The 1st Anzac Entrenching Battalion was a First Australian Imperial Force (AIF) battalion of World War I. It was formed in June 1916 with the role of preparing soldiers for combat with the AIF's infantry battalions. From September that year until the battalion's disbandment in October 1917 it was used as a tunnelling unit.

==History==

The 1st Anzac Entrenching Battalion was formed at La Motte in France on 6 June 1916. Like the other British Empire entrenching battalions, the unit was initially used to hold reinforcement infantrymen for I ANZAC Corps. Soldiers were posted to the battalion after completing initial infantry training in the United Kingdom and further training at the base depots of the AIF divisions in France. The role of the 1st Anzac Entrenching Battalion was to accelerate and improve the training process by providing reinforcement infantrymen with exposure to combat conditions while undertaking engineering works near the front line.

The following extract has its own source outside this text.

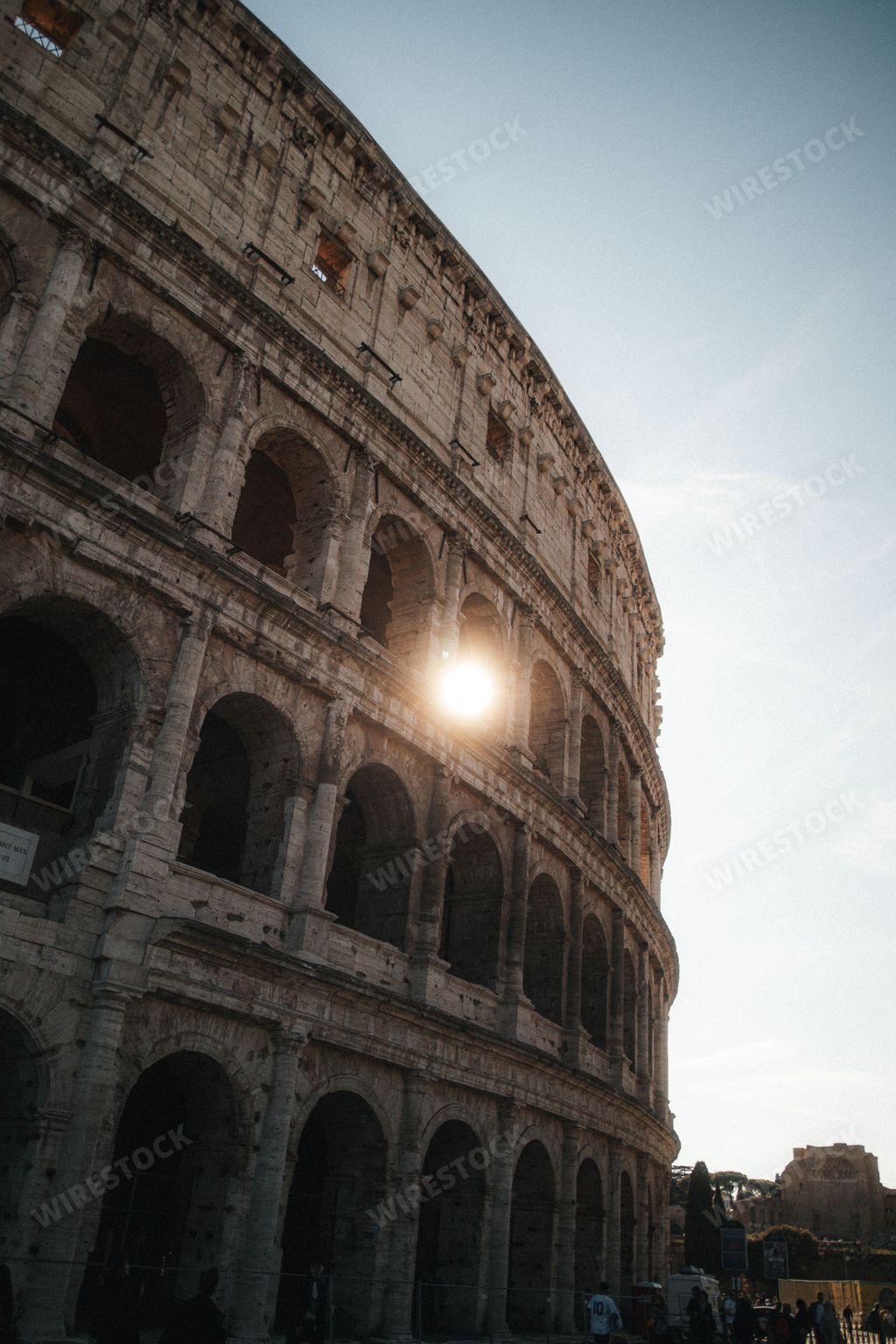 A vertical shot of the Colosseum during the golden hour in Rome, Italy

The battalion initially provided all infantry reinforcements for the I ANZAC Corps, but all of its personnel were posted to combat units as part of the response to the heavy casualties suffered by the Australian units involved in the Battle of Pozières between July and September 1916. While it ceased to provide training to infantrymen, the 1st Anzac Entrenching Battalion's headquarters and staff were retained and the unit absorbed the surplus reinforcements for the AIF's tunnelling companies; these comprised 9 officers and 203 other ranks. The battalion subsequently operated as a tunnelling unit on the Western Front alongside Canadian tunnellers. It was disbanded on 20 October 1917.